Potloodtekening van de houten “Snibbemolen” te Nukerke
De houten “Snibbemolen” te Nukerke, stond op een uitloper van de mooie getuigenheuvel op een hoogte van 125 m. Omer Wattez vermeldt deze molen in zijn werk “De Vlaamsche Ardennen” voor het eerst gepubliceerd in 1913, maar op een kaart van 1862 staat hij vermeld als ’t Snibbe molen. Op een kaart uit 1777 staat de staakmolen vermeld als “Snebbenmolen”.De houten windmolen, op de hoek van de Staatsbaan (nu Rijksweg) en de Molenstraat (nu Zeelstraat), is afgewaaid rond 1940 op het ogenblik dat de molenaar pas de molen had verlaten. In hoofdzaak werd hier notenolie geproduceerd. Nadat de molen onbruikbaar was werd het vele hout tijdens de oorlogsjaren links en rechts als brandhout aan de man gebracht.

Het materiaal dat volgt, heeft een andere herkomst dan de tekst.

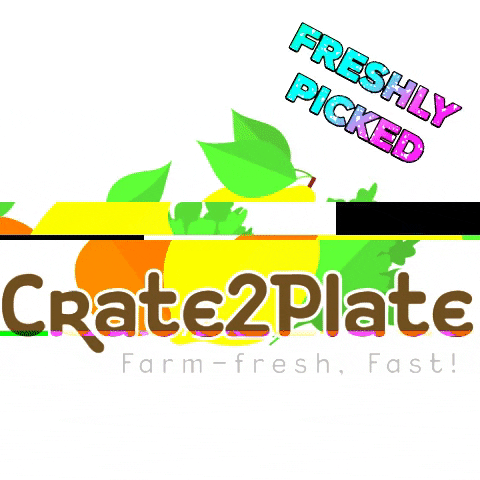 crate2plate crate2plate GIF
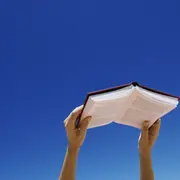 Los 10 mejores libros de 2023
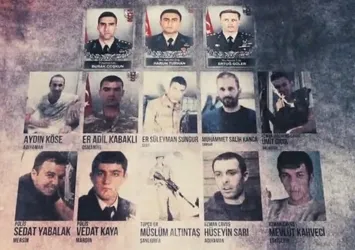 A Haber'den anlamlı klip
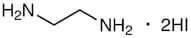 Ethylenediamine Dihydroiodide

De Snibbemolen stond op grondgebied Nukerke maar de molenaarswoning, de taverne “In ’t molenhuis’, stond op grondgebied Zulzeke. Volgens Marie-Paule waren de laatste molenaars Jules Maes en nadien Richard Langhie, in de volksmond “Schoenie”. Na Schoenie hield het gezin Richard De Bisschop - Irma Decuyper de herberg open vanaf 1953 tot 1976, de dag dat Richard met pensioen ging. Nadien verdween het volkscafé voor goed. Zoals hierboven reeds vermeld stond de molenaarswoning met bijgebouwen op de hoek van de huidige Rijksweg en Zeelstraat. Het café met bijgebouwen werd toen gehuurd van de brouwerij Van Ghoy uit Schorisse.

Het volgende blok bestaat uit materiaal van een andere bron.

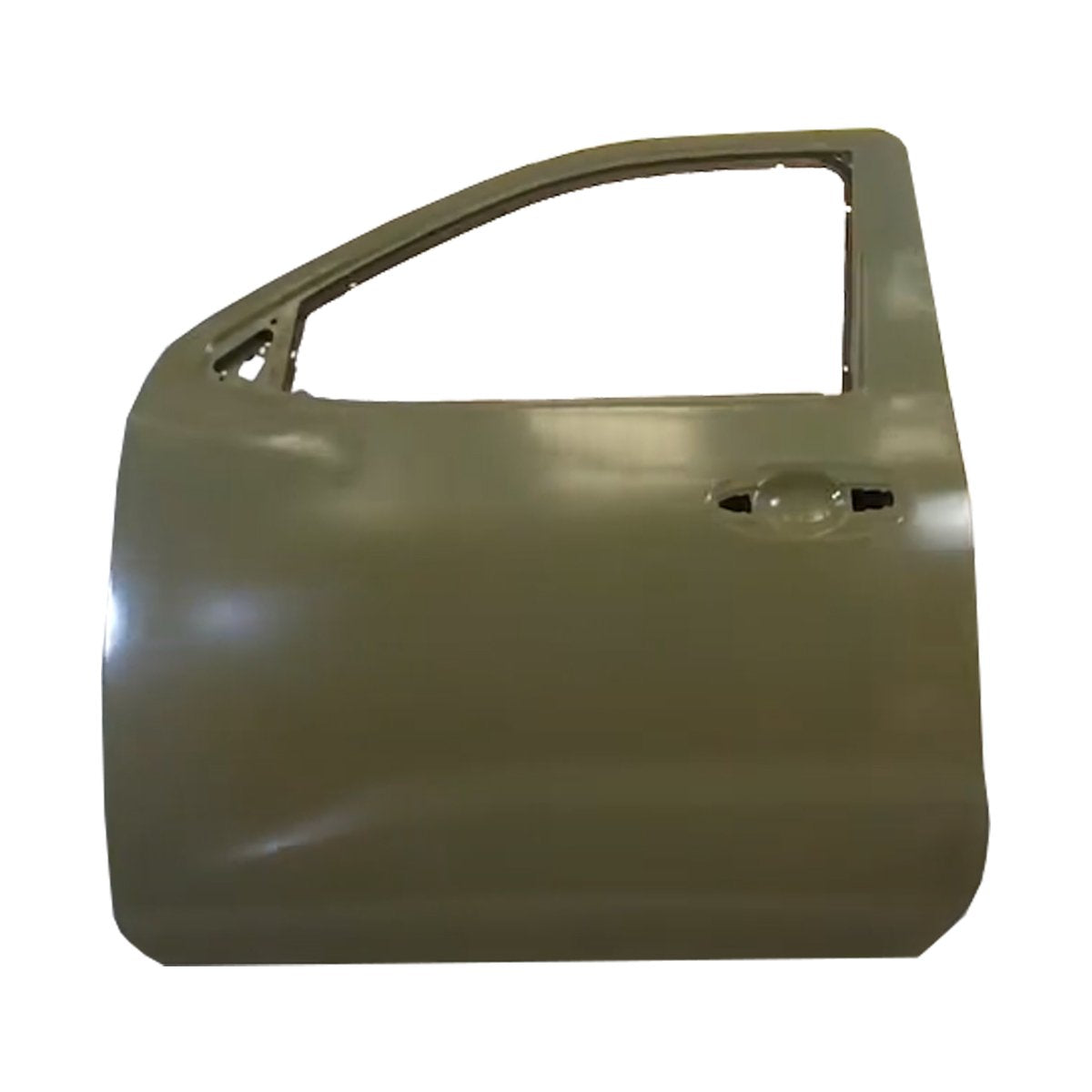 PUERTA NP300 16-24 2P L CN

De Nukerkse handboogschutters-gilde Sint-Sebastiaan, schoten er naar de liggende wip. Men telde er soms 88 schutters. De eerste staande wip bestond uit een ijzerwerk gefabriceerd op het hoogste punt van de verticale wiek. Op scherpe pinnen werden de vogels, ook gaaien genoemd, bevestigd. Van spitsvondigheid gesproken. Zie tekening uit het jaar 1888. Na het verval van de molen verhuisde de gilde naar de Ommegangstraat (naast het magazijn van Pierre Maes) waar madame Willems hun een lap grond ter beschikking had gesteld waar een echte staande wip werd opgericht. Enkele eiken balken afkomstig uit de molen werden gebruikt om de staande wip in de grond te bevestigen. Zie foto van zo’n eiken balk die bij telling van de jaarringen van een eik van minstens 80 jaar afkomstig is. In de jaren tachtig verhuisde de staande wip naar het sportterrein langs de Kortekeer.
Terug naar de molensite. Tot in de jaren 50 waren de vier stenen voeten, op de terp, de enige getuigenissen van de molen. Ook in die periode werd de terp afgegraven om er zavel te ontginnen maar na enkele jaren werd de zavelput gedempt met allerlei afval. Die zavel was geen degelijk bindmiddel voor de mortelbereiding.
Op een andere tekening ziet u op het voorplan de stenen windmolen “Ten Kruissens” in volle glorie, honderd meter verder eveneens op het grondgebied van Nukerke. Zie verder bij molen “Ten Kruissens”. Alleen al in Nukerke stonden 4 windmolens wat een bewijs is van de toenmalige rijkdom van de streek.
Aan de overkant van “Het molenhuis” stond de woning (nr 58) van het gezin Julien Bostiyn. Daar was ook café en Julien Bostyn was nadien velomaker. De woning werd gesloopt in februari 2013 ter vervanging van een nieuwbouw. Zijn dochter van Julien, Simone, woont nu bij haar dochter, Marie-Paule Deschamps in Ronse.